MoE Specifications (vs DeepSeek v3):
- Token drop strategy: Uses auxiliary loss for load balancing instead of dropless auxiliary loss-free balancing.
- Global router: Optimized to balance the number of tokens per EP group.
- Top k: 2 (vs 8 + 1 shared in DeepSeek).
- MoE layer size: 9216 vs 2048 (DeepSeek).
- Same total MLP parameters activated per layer: 9 * 2048 = 2 * 9216 = 18432.
- Expert count: 32 vs 256 (+1 shared).
- Layers: 80 vs 61. Linear attention benefits more from depth than width.
- Hidden size: 6144 vs 7168.
- No shared expert: Unique design choice.
Hybrid Modeling:
7/8 Linear Attention (Lightning Attention-2):
- Similar to "flash attention" for NormAttention.
- Big advantage: Complexity O(d^2n) instead of O(n^2d), making very long contexts feasible.
- Mechanism:
- Input X
- Q, K, V = SiLU(X)
- Y = Q * (K^T * V) (complexity: O(d^2))
- RMSNorm(Y) * sigmoid(X)
1/8 Softmax Attention:
- Applies rope only to half the dimension size (claimed to allow length extrapolation without performance degradation).
- Rope 10k base seems unconventional compared to other models.
Comparisons:
- cosformer2: Very bad at NIAH, overall slower and lower performance.
- hgrn2: Slightly better but slower (+ small gap on NIAH).
- SWA softmax: Similar TGS (tokens per GPU/sec), but overall lower performance and big gap on NIAH.
- Limitations: No complex benchmarks for long contexts beyond NIAH.
Model Design Thinking:
Goal: Build the best model that fits on ~H100 nodes (8x80G) with:
- 1M sequence length.
- 8-bit quantization.
- Good balance of softmax and linear attention.
- Optimal depth/width ratio (deeper models need more softmax layers).
- Proper memory size vs hidden size ratio.
- Effective FFN size vs model dimension.
- Dimensional considerations for rope use in softmax attention.
Scaling Laws and Experiments:
- MoE vs Dense: At 1T tokens, MoE (2B active, 24B total params) significantly outperforms dense models (7B) at the same FLOPs.
(Be cautious about Fig4’s axis; scores are similar for all benchmarks.) - Linear vs Softmax vs Hybrid Attention:
- Range: 70M → 7B params on 300B tokens.
- Softmax > Linear for NIAH (big gap).
- Hybrid performs better than softmax overall.
- Caveats: Fixed learning rates for scaling laws without fast decay may skew comparisons in favor of hybrid.
Training Data:
- Used previous MoE (5B active, 60B total) for data labeling.

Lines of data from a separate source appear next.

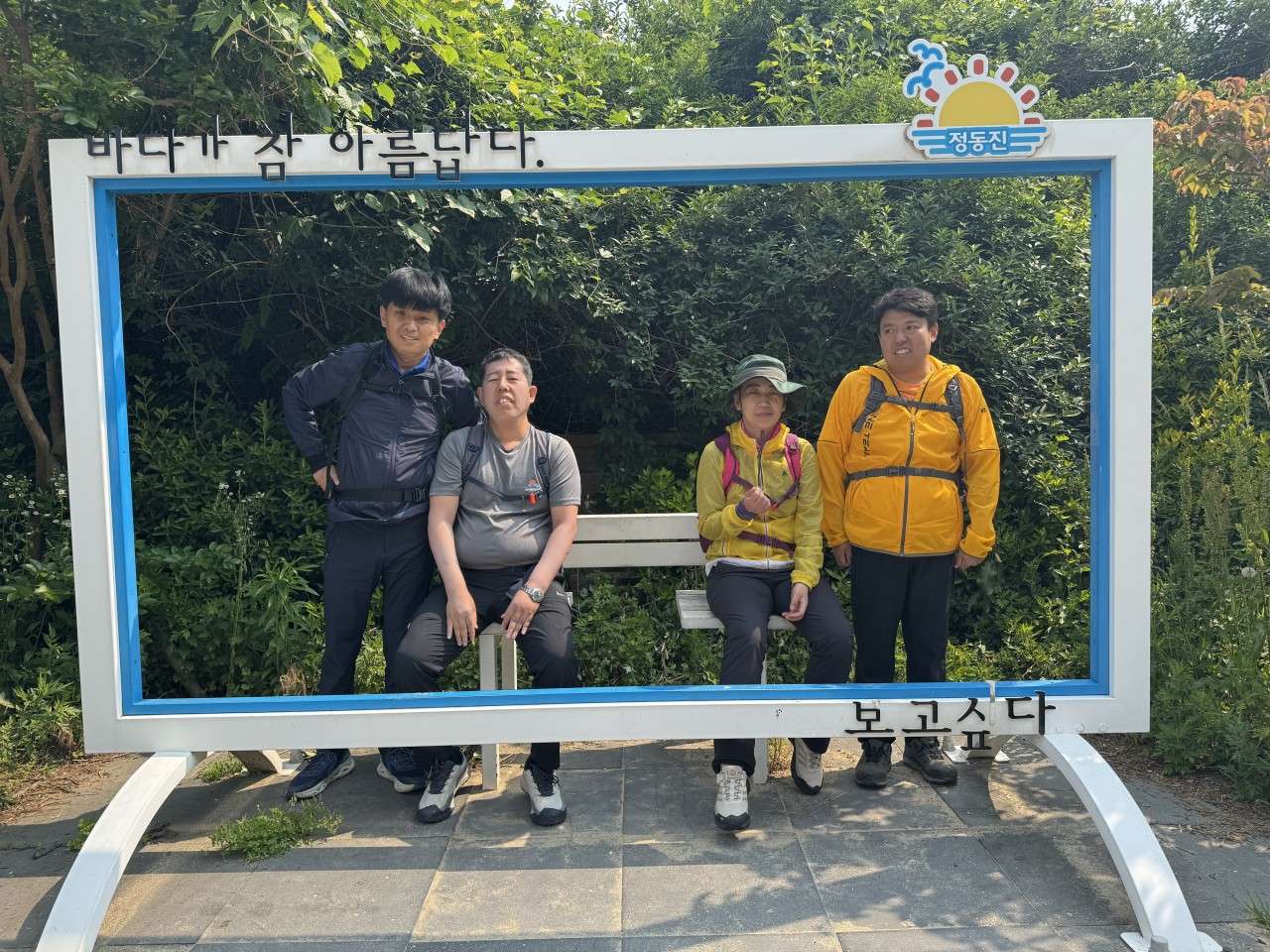 사본 -1_838Ud018svcrq1ieen685oy_afjtjb.jpg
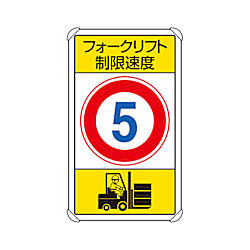 交通構内標識 フォークリフト制限速度5 833-175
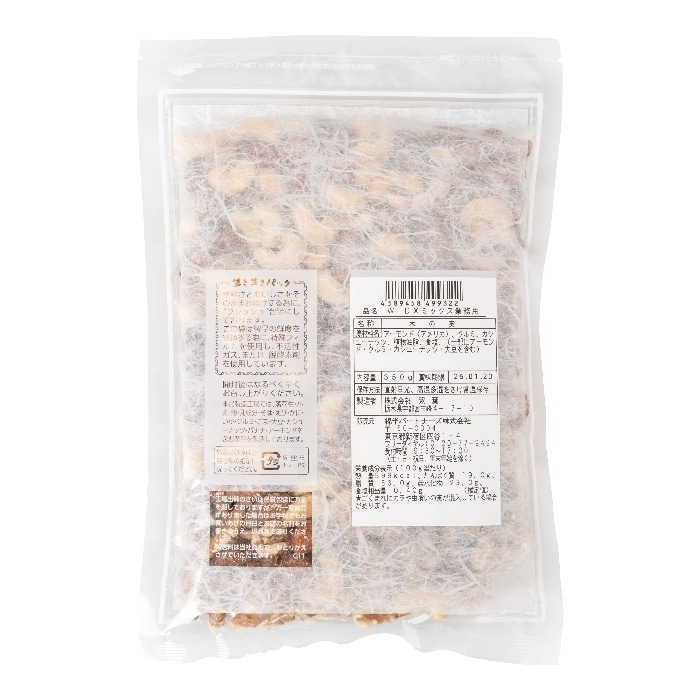 [取寄10][まとめ買い]【12個セット】デラックス ミックスナッツ  350g [4589458499322]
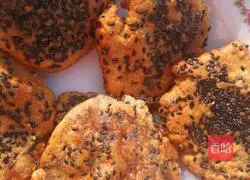 Illustration of how to make brown sugar and sesame glutinous heart cake 7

Likely trained a classifier after (details unclear).
- Metrics: Knowledge, practical helpfulness, categorical distribution.
- Data formatting balances QA format and natural distribution (might improve MMLU).
- Deduplication: High-quality data deduped 4x, low-quality 2x.
- Tracks metrics with acc_norm^2 (byte normalization).
Training Hyperparameters:
- ~12T tokens.
- WSD-like schedule: Reduces LR to 10% of the peak; no final decay.
- Initialization: Xavier with deepnorm modifications.
- Optimizer: AdamW (0.9, 0.95).
- Critical batch size warmup explanation (16M → 128M): Unique and insightful.
Long Context Training:
Three phases:
- Main training (8k tokens, rope 10k).
- 128k tokens, 300B tokens total, rope base 5M, mix of short (<32k) and medium (<128k) contexts.
- 512k → 1M tokens, rope base 10M, balanced across short, medium, and long contexts.
Key Technique: Linear interpolation to mitigate distribution shift:
W_t = alpha * W_prev + (1-alpha) * W_current.
Post Training and Infra:
Post-training steps: Iterative SFT → RL (offline: DPO, online: GRPO).
- Short-context SFT → Long-context SFT → Short-context RL → Long-context RL.
(Critical for achieving great long-context performance.)
- Short-context SFT → Long-context SFT → Short-context RL → Long-context RL.
Infrastructure:
- ~1500–2500 GPUs.
- Efficient MoE tensor/parallelism with optimized ring attention.
- Improvements in linear attention sequence parallelism and padding optimization.